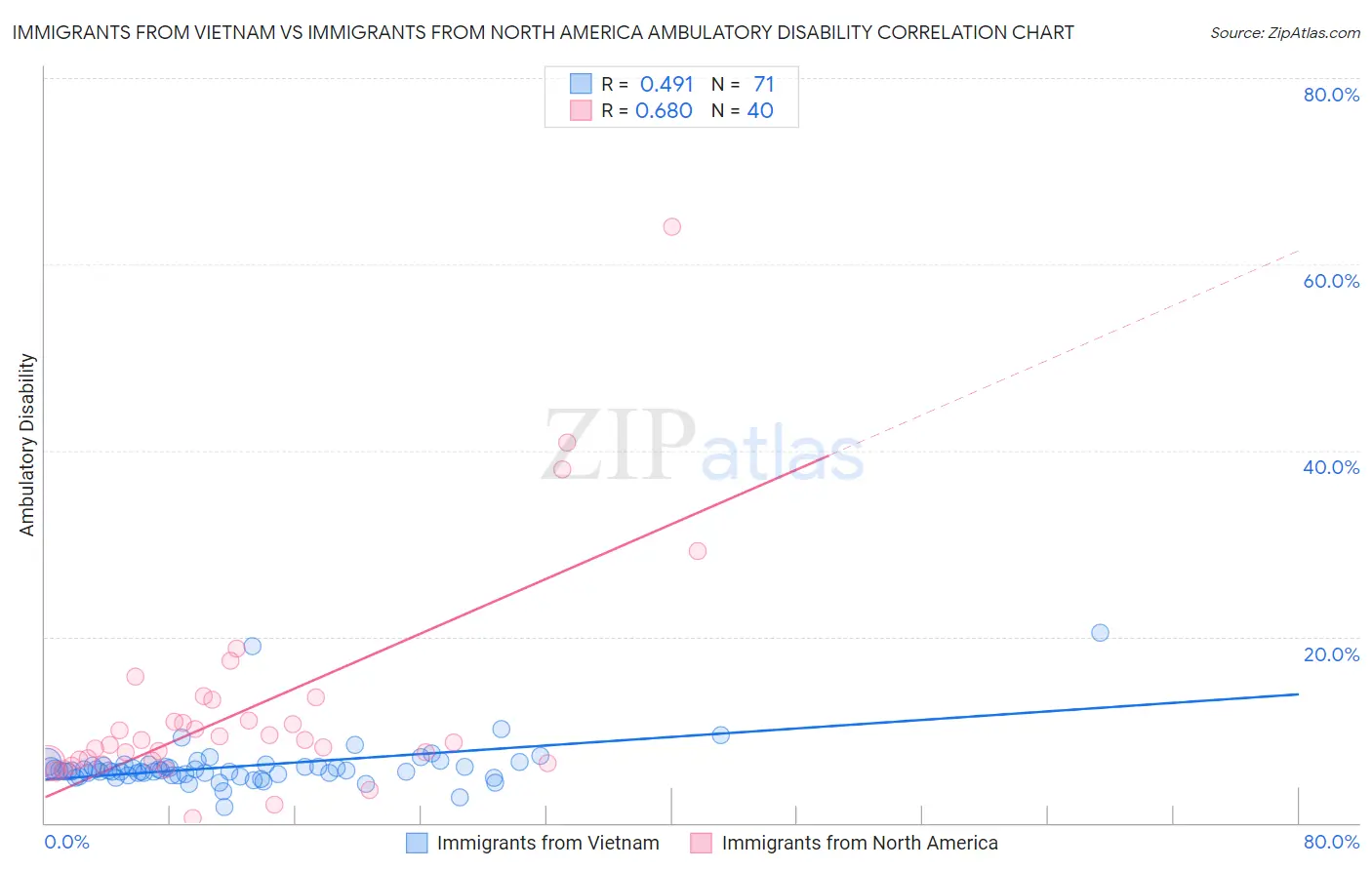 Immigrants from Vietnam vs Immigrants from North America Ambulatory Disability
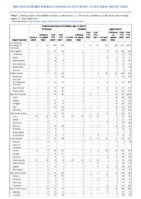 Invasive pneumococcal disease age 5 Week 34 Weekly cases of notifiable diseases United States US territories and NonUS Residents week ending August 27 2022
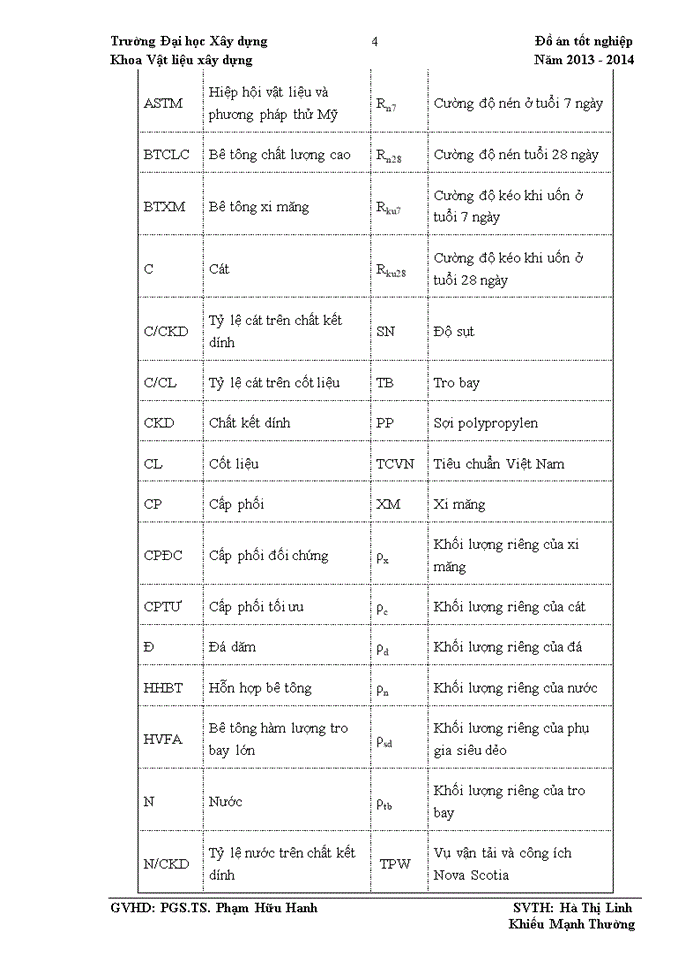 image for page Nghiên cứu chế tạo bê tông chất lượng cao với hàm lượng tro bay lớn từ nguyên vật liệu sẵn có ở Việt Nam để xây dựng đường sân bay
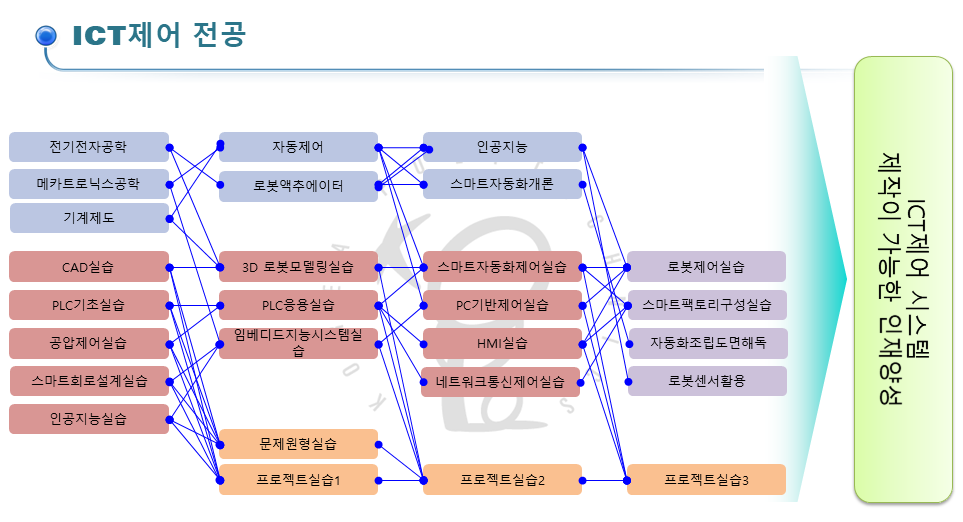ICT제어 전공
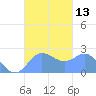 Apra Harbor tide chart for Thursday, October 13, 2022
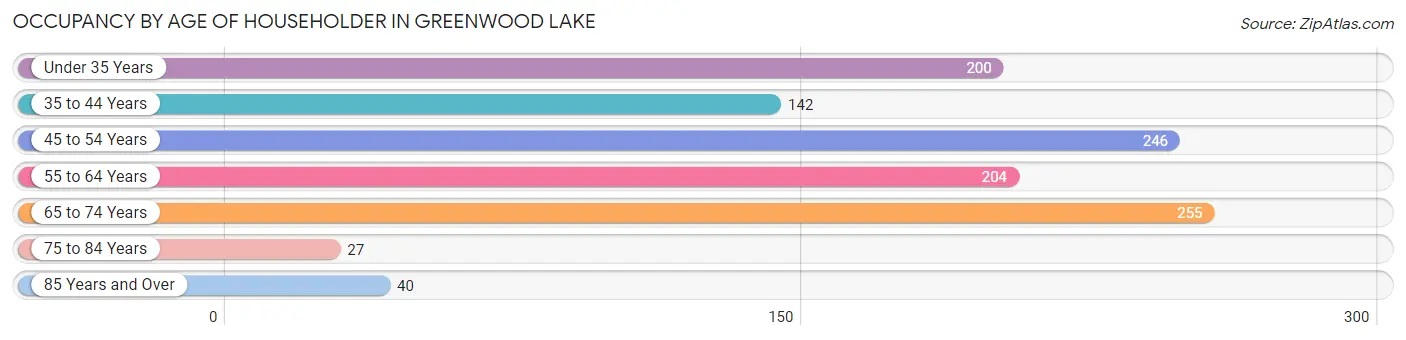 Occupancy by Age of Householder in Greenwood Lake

* * *

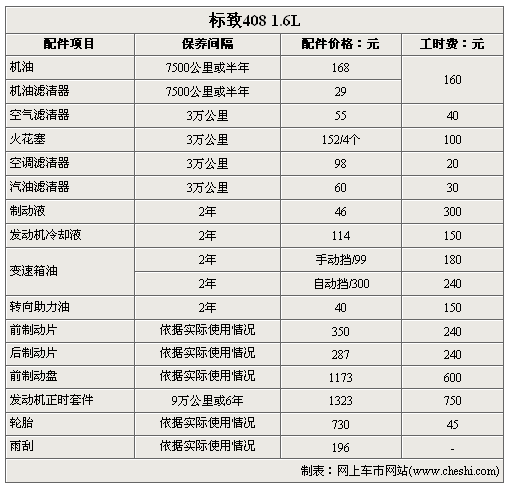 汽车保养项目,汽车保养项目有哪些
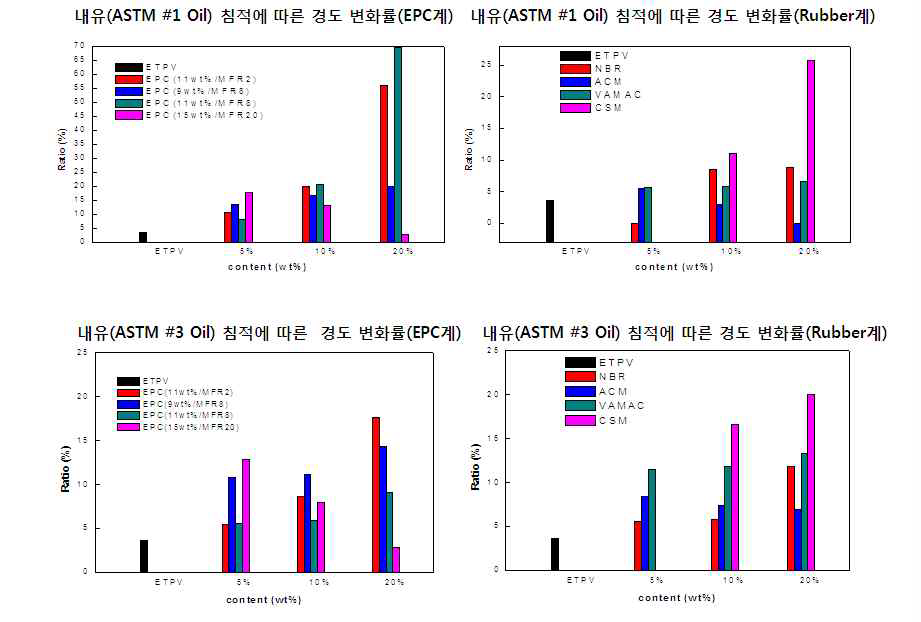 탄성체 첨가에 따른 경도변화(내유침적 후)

--

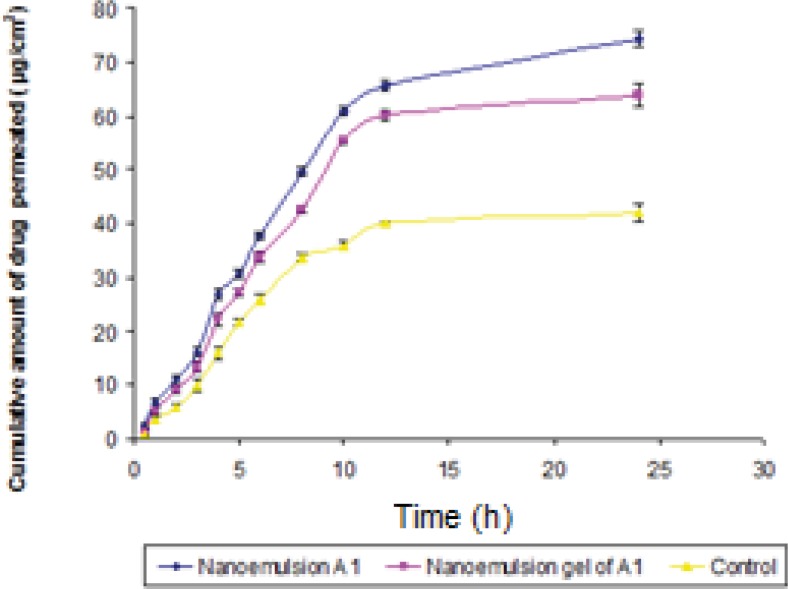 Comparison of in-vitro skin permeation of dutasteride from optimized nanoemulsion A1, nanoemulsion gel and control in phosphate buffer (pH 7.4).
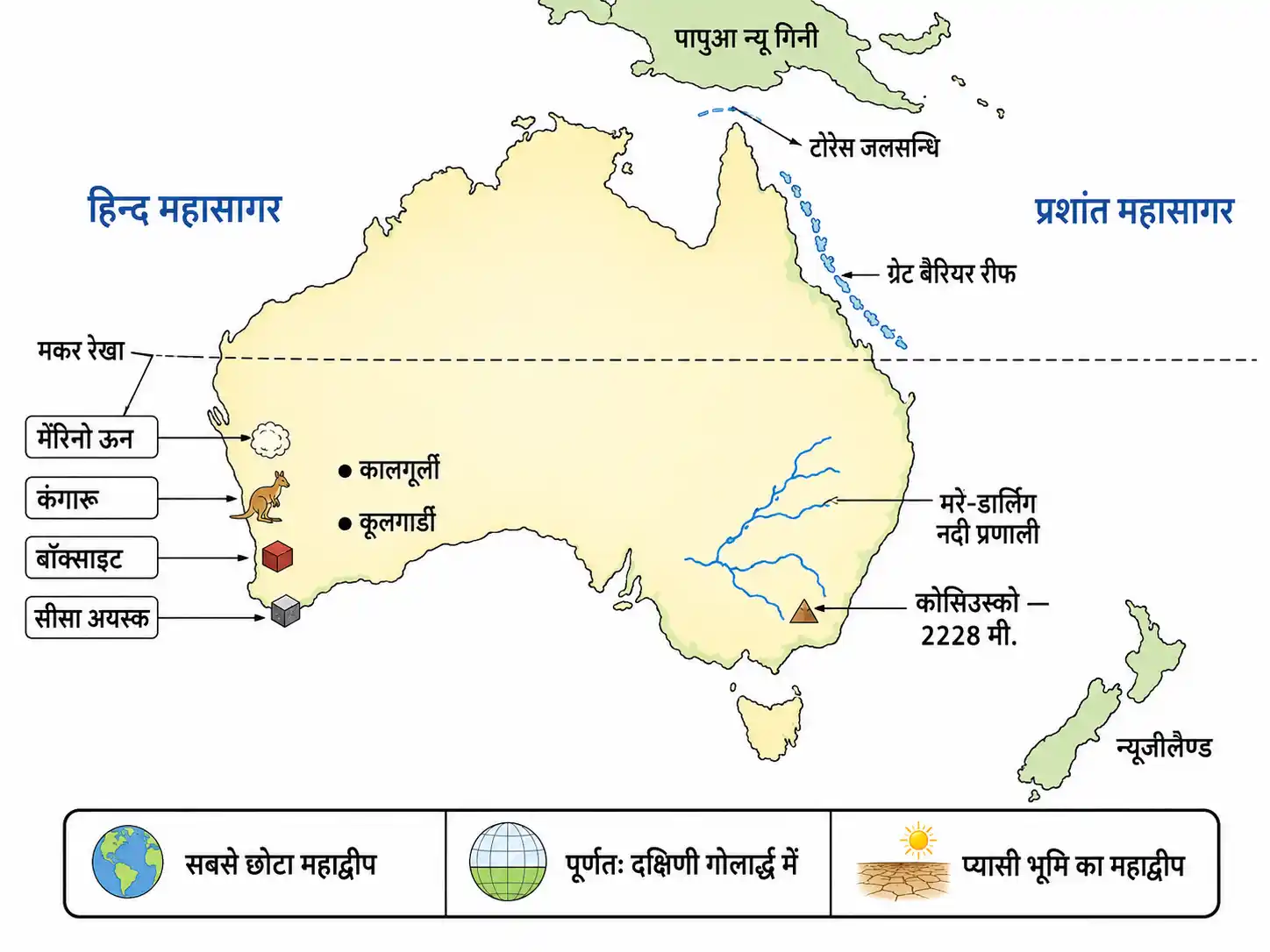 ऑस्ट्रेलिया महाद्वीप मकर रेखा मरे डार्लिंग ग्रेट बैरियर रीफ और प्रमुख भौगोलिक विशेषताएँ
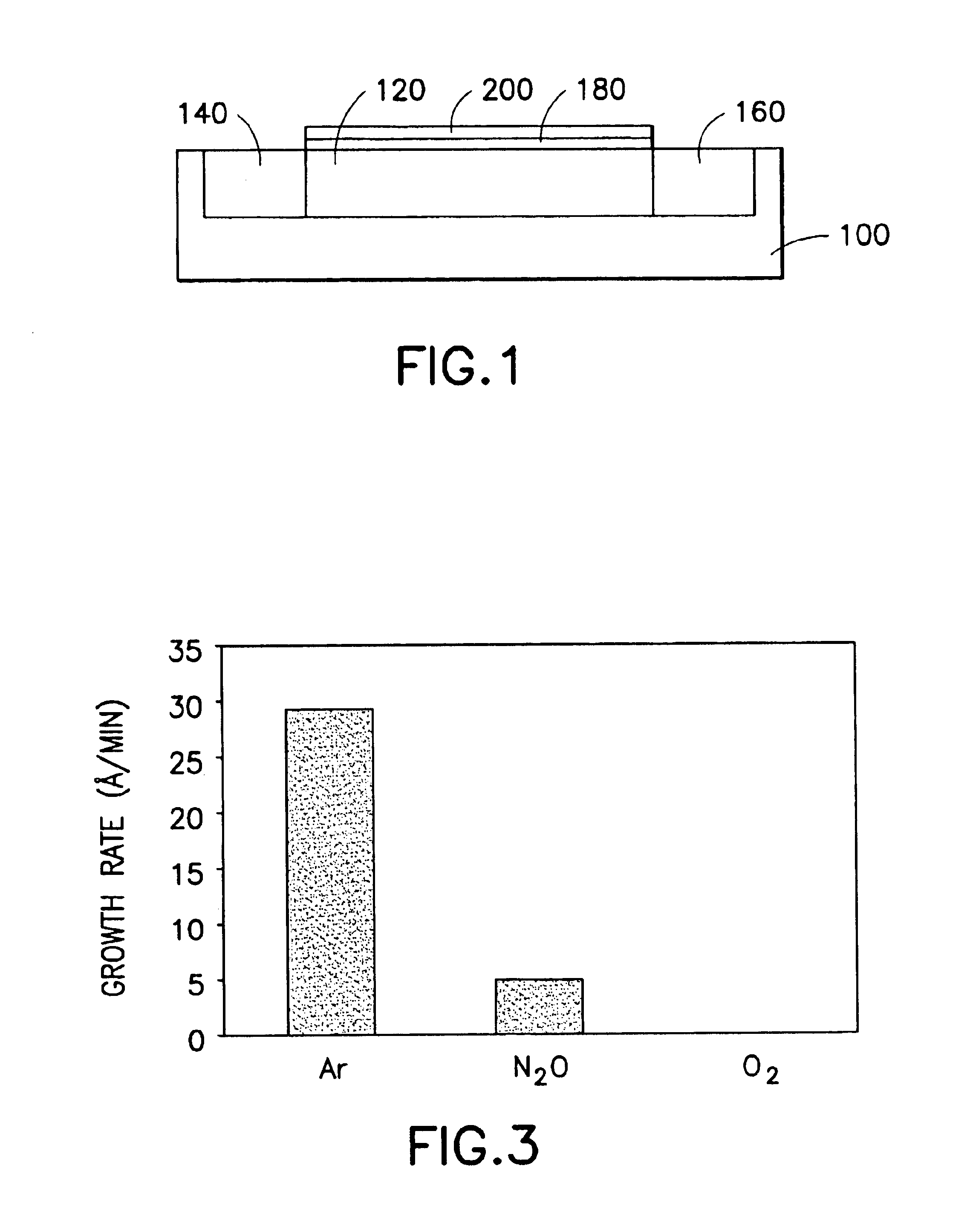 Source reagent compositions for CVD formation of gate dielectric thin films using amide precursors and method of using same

Problem to solve: Each line from the one that contains "Immigrants from Vietnam" down to the one that contains "Occupancy by Age" is to be returned exactly as it stands above, both ends included, with pictures removed.

Result:
 Immigrants from Vietnam vs Immigrants from North America Ambulatory Disability
 Invasive pneumococcal disease age 5 Week 34 Weekly cases of notifiable diseases United States US territories and NonUS Residents week ending August 27 2022
 image for page Nghiên cứu chế tạo bê tông chất lượng cao với hàm lượng tro bay lớn từ nguyên vật liệu sẵn có ở Việt Nam để xây dựng đường sân bay
ICT제어 전공
 Apra Harbor tide chart for Thursday, October 13, 2022
 Occupancy by Age of Householder in Greenwood Lake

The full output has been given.